The collected BPH samples were frozen at  20 °C for 5 min, immersed in 5% NaOCl (sodium hypochlorite), and rinsed with sterile distilled water five times to remove surface microorganisms. Total DNA was isolated from BPH adults and eggs using the Insect DNA kit (Omega Bio-tek, Inc., Norcross, GA, USA) according to the manufacturer’s instructions. Total DNA from infected and uninfected rice tissues was extracted using the Plant DNA Kit (Omega Bio-tek, Inc., Norcross, GA, USA) according to the manufacturer’s instructions. DNA concentrations were estimated using a NanoDrop 2000 spectrophotometer (Thermo Fisher Scientific, USA).

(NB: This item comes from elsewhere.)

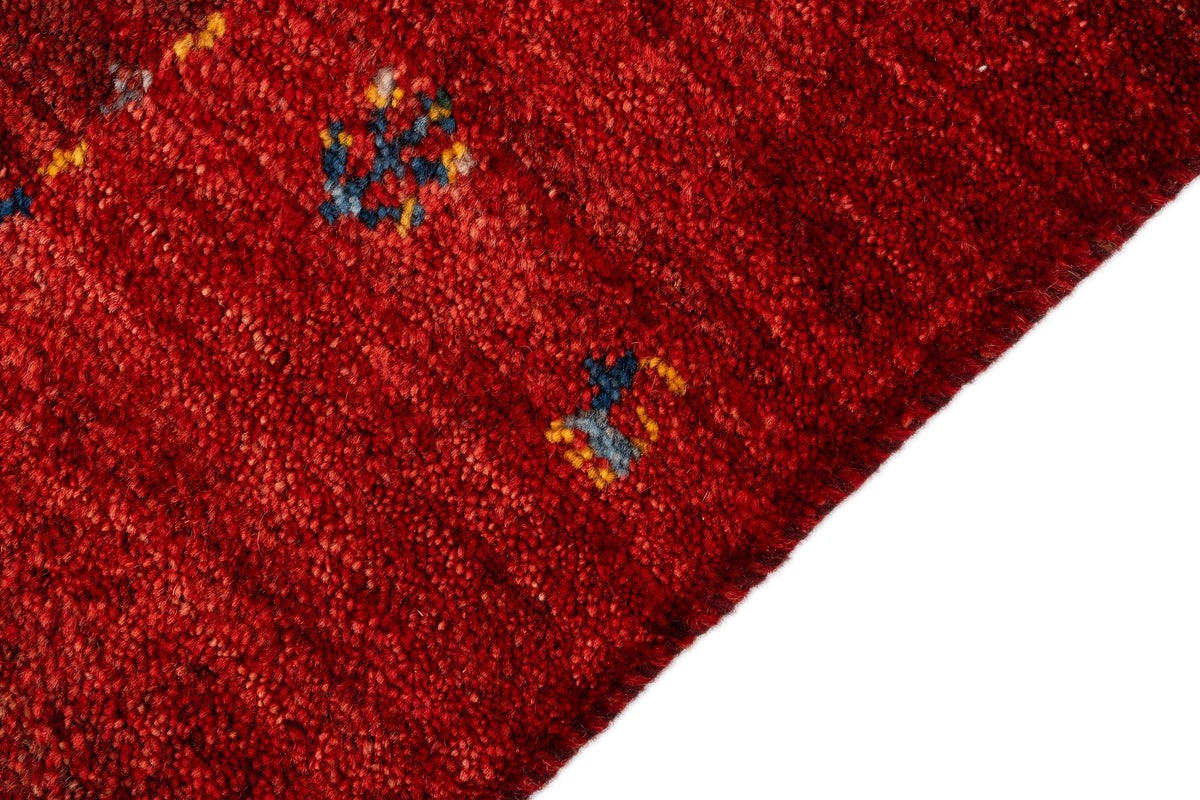200 x 163 Kashkuli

Primer design and PCR amplification of Asaia from different BPH and rice samples

The Asaia-specific primers were designed using the Asaia-specific 16S rRNA gene sequences belonging to the accession numbers:- NR_122089.1, NR_112880.1, NR_024810.1, NR_114144.1, NR_041564.1, NR_113849.1, NR_024728.1, NR_112879.1, NR_112953.1, NR_113845.1, and NR_024738.1 (see Additional file 13). PCR amplification of the ~ 400 bp 16S rRNA gene sequence of Asaia was performed using the Asaia primers (forward: 5′-GGCGCGTAGGCGGTTTACAC-3′ and reverse: 5′-TGCGCGTTGCTTCGAATTAAACCA-3′) to evaluate their presence in various samples of BPHs and rice. Actin-gene (NCBI-GenBank: EU179846.1) specific-primers (forward: 5′-TGCGTGACATCAAGGAGA-3′ and reverse: 5′-TGTTCCAGCCTTCCTT-3′) were used and PCR-amplified ~ 174 bp actin gene, a housekeeping gene used as an internal control for the normalization of PCR data. Ten ng DNA of short- and long-winged (adults), egg, egg-infected and uninfected rice tissues were used as the template for PCR, and the PCR volume was 25 μl. PCRs were performed with 200 μM dNTPs (New England Biolabs Inc.), 0.5 U Q5 Hot start high-fidelity Taq DNA polymerase (New England Biolabs Inc.), and 13 μM primers (each). The thermal cycler protocol was 98 °C for 5 min, 35 cycles at 98 °C for 30 s, 56 °C for 45 s, and 72 °C for 30 s, and a final 5 min extension at 72 °C. The PCR conditions for actin-gene amplification from each BPH sample were 94 °C for 5 min, 35 cycles at 94 °C for 30 s, 54 °C for 30 s, and 72 °C for 45 s, and a final 5 min extension at 72 °C. Amplicons were run on 1% (w/v) agarose gel to analyse band size. The EtBr-stained gels were viewed and photographed in our gel documentation system (GL212PRO Imager, Carestream Health Inc., USA), and captured-gel images were saved in JPEG format. Then, ImageJ software (https://imagej.nih.gov/ij/) was used to estimate the relative colour intensities of each amplicons.

Statistical analysis

The normal distribution and alpha diversity (Shannon and Simpson’s diversity indices, Evenness, Fisher alpha, Brillouin, Fisher alpha, Berger-Parker and Chao1) index were used to evaluate the differences in bacterial populations between BPH samples (obtained from both susceptible and resistant rice varieties) used in the current study. PCoA plots were plotted using PAST (Palaeontological Statistics, version 3) software. To show the relative abundance of microbial phyla for the respective BPH samples, heat maps were created using Gene Cluster 3.0 and TreeView software.